A Lightweight Explainable Guardrail for Prompt Safety
arXiv:2602.15853v1 Announce Type: cross Abstract: We propose a lightweight explainable guardrail (LEG) method for the classification of unsafe prompts. LEG uses a multi-task learning architecture to jointly learn a prompt classifier and an explanation classifier, where the latter labels prompt words that explain the safe/unsafe overall decision. LEG is trained using synthetic data for explainability, which is generated using a novel strategy that counteracts the confirmation biases of LLMs. Lastly, LEG's training process uses a novel loss that captures global explanation signals and combines cross-entropy and focal losses with uncertainty-based weighting. LEG obtains equivalent or better performance than the state-of-the-art for both prompt classification and explainability, both in-domain and out-of-domain on three datasets, despite the fact that its model size is considerably smaller than current approaches. If accepted, we will release all models and the annotated dataset publicly.
arXiv:2602.15853v1 Announce Type: cross Abstract: We propose a lightweight explainable guardrail (LEG) method for the classification of unsafe prompts. LEG uses a multi-task learning architecture to jointly learn a prompt classifier and an explanation classifier, where the latter labels prompt words that explain the safe/unsafe overall decision. LEG is trained using synthetic data for explainability, which is generated using a novel strategy that counteracts the confirmation biases of LLMs. Lastly, LEG's training process uses a novel loss that captures global explanation signals and combines cross-entropy and focal losses with uncertainty-based weighting. LEG obtains equivalent or better performance than the state-of-the-art for both prompt classification and explainability, both in-domain and out-of-domain on three datasets, despite the fact that its model size is considerably smaller than current approaches. If accepted, we will release all models and the annotated dataset publicly.
Executive Summary
The article proposes a lightweight explainable guardrail (LEG) method for classifying unsafe prompts in large language models. LEG utilizes a multi-task learning architecture to jointly learn a prompt classifier and an explanation classifier, which labels words explaining the safe/unsafe decision. The method is trained using synthetic data generated to counteract confirmation biases in LLMs and employs a novel loss function that captures global explanation signals. LEG achieves equivalent or better performance than state-of-the-art models on three datasets, despite having a significantly smaller model size. This breakthrough has the potential to improve the transparency and accountability of AI decision-making processes.
Key Points
- ▸ LEG proposes a multi-task learning architecture for prompt classification and explanation generation
- ▸ The method utilizes synthetic data generated to counteract confirmation biases in LLMs
- ▸ LEG achieves equivalent or better performance than state-of-the-art models on three datasets
Merits
Advancements in Explainability
LEG's ability to generate explanations for prompt classification decisions enhances the transparency and accountability of AI decision-making processes.
Improved Performance
LEG achieves equivalent or better performance than state-of-the-art models on three datasets, despite having a significantly smaller model size.

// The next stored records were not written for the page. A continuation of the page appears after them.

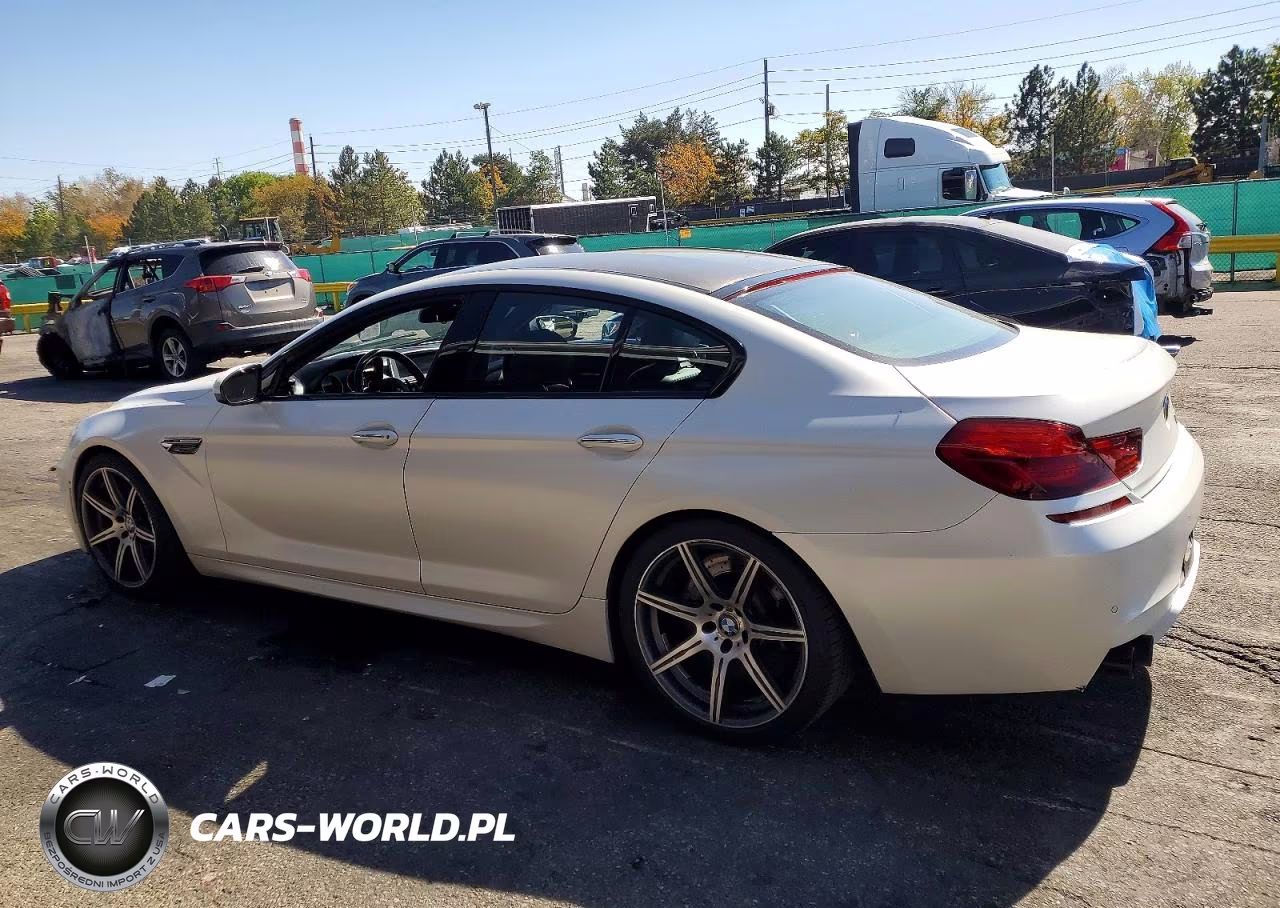 2014 BMW M6 Gran Coupe VIN:WBS6C9C52ED466809 - 2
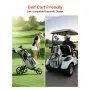 VEOVR Bolsa de Palos de Golf con Divisor Individual de 14 Vías, 7 Bolsillos de Almacenamiento, Bolsa de Golf de Poliéster, con Correas para Hombros, Soporte, Cubierta para Lluvia, para Adultos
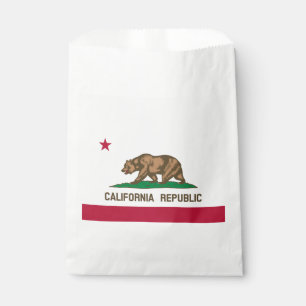 Kalifornische Republik Bärenflagge: Cali Golden St Geschenktütchen
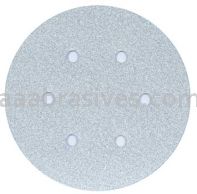 Norton 6" P80-C Norton No-Fil SG DryIce NorGrip Vac D-3371 A975 Paper Hook and Loop Discs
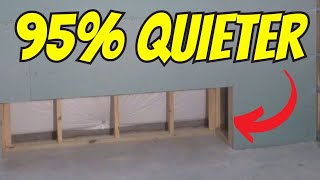 How to Soundproof a Wall  TOTAL COST Breakdown [upl. by Oicnerolf]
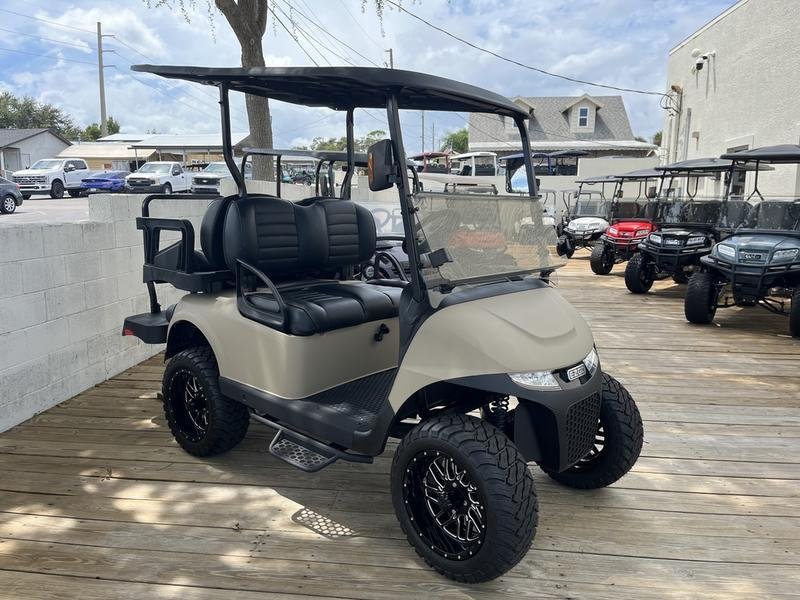 2024 E-Z-GO Valor 4 EX1 Gas | Dune Special Edition | Unlimited Range Off-Road Sale! - Image 4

Efficient Training Process
LEG's training process uses a novel loss function that captures global explanation signals, enabling efficient training and reduced computational resources.
Demerits
Limited Dataset
The study relies on three datasets, which may not be representative of the broader range of potential applications and scenarios.
Potential Bias in Synthetic Data
The use of synthetic data generated to counteract confirmation biases in LLMs may introduce new biases or artifacts in the training process.
Expert Commentary
The article presents a significant advancement in the field of explainable AI, leveraging multi-task learning and synthetic data to develop a lightweight and efficient method for prompt classification and explanation generation. While the study's results are promising, the limitations of the approach and the potential for bias in synthetic data are concerns that warrant further investigation. The development of LEG has the potential to improve the transparency and accountability of AI decision-making processes, and its implications for policy and practice are substantial. Nevertheless, the study's focus on a specific application and dataset may limit its generalizability, and further research is needed to explore the broader applicability of LEG.
Recommendations
- ✓ Future research should investigate the robustness and transferability of LEG across different applications and datasets.
- ✓ The development of more comprehensive and diverse datasets is essential for ensuring the generalizability and reliability of LEG.